One of Smith’s nominator’s, Dr. Roy Cantrell, vice president of Cotton Incorporated’s Agricultural Research Division, said Smith’s research in A&M’s Cotton Improvement Lab focuses on genetic enhancement of cotton for yield potential, earliness, fiber quality, host plant resistance and drought tolerance. He said that significant progress has been made in all of these areas with well more than 100 germplasm releases since 1974 – a number unsurpassed by any current public plant breeder.

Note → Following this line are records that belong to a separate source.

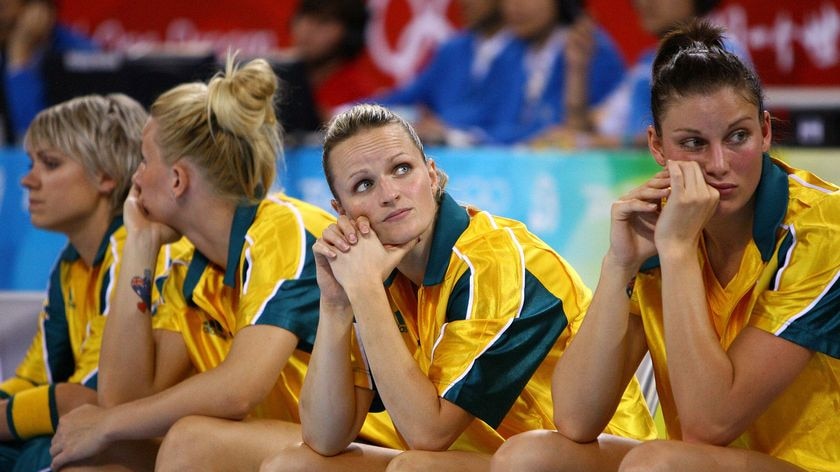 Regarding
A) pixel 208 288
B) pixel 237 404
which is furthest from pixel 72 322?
pixel 237 404

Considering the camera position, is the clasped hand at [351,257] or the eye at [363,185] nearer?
the clasped hand at [351,257]

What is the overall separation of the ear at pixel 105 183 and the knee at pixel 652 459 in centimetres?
210

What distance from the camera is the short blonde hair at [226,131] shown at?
3.21 meters

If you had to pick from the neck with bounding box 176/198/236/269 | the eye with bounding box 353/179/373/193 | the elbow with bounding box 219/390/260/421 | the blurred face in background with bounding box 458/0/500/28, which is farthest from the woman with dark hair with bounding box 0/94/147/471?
the blurred face in background with bounding box 458/0/500/28

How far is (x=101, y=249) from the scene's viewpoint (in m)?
3.65

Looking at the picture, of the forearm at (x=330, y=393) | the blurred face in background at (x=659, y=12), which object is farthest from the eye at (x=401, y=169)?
the blurred face in background at (x=659, y=12)

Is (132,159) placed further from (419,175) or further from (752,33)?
(752,33)

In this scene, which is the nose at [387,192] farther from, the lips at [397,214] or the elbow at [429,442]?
the elbow at [429,442]

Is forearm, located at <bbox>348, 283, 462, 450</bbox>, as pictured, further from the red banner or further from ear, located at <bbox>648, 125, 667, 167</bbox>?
the red banner

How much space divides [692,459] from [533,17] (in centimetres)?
564

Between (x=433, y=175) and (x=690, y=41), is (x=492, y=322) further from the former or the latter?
(x=690, y=41)

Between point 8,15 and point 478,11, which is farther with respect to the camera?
point 8,15

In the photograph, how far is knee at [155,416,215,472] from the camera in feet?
8.96

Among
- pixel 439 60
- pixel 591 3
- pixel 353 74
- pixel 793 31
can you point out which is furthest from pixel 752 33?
pixel 353 74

“Dr. Smith has demonstrated exceptional skill and hard work in bringing fundamental genetic information from the basic level all the way through improved germplasm,” Cantrell said. “This breadth of genetic enhancement is rare in the specialized and compartmentalized research community that exists in the public sector today.”
Cantrell also noted that Smith is a valued colleague in the cotton community illustrated by his extensive collaboration with molecular biologists, physiologists, fiber quality specialists, pathologists and agronomists.
“He is a role model for contemporary cotton breeding by integrating all of these components into the Cotton Improvement Lab research program that he coordinates,” Cantrell said. “Some of his more recent germplasm releases have provided exceptional fiber properties in high yielding and adapted genetic backgrounds.”
Dr. Dick Auld, chair of Texas Tech University’s Department of Plant & Soil Sciences, said Smith has an equally impressive record as a teacher and mentor of students. Over the past 18 years, he has taught more than 400 students in his classes while directing 11 Ph.D. and 14 master’s level students.
Auld said Smith also has generated 53 refereed journal articles, 47 research reports, 74 proceedings, 60 invited presentations, 11 book chapters, a book and edited four additional books.
Smith has served as editor of Crop Science since 1991. He chaired the Beltwide Cotton Improvement Conference in 1987 and the Cotton Germplasm Committee from 1991-1997, and has been a member of the National Cotton Variety Testing Committee since 1987. He also served as president of the Phi Kappa Phi Honor Society from 2001-03. He is a member of the Crop Science Society of America and the Agronomy Society of America.
Prior to joining A&M in 1986, Smith was a professor of Agronomy at the University of Arkansas Cotton Branch Experiment Station in Marianna for 12 years. He earned bachelor’s and master’s degrees from Auburn University and his Ph.D. from the University of Tennessee.
Smith is the second consecutive award recipient from A&M’s Department of Soil and Crop Sciences following Dr. Peggy Thaxton, a research scientist who garnered the 2003 prize.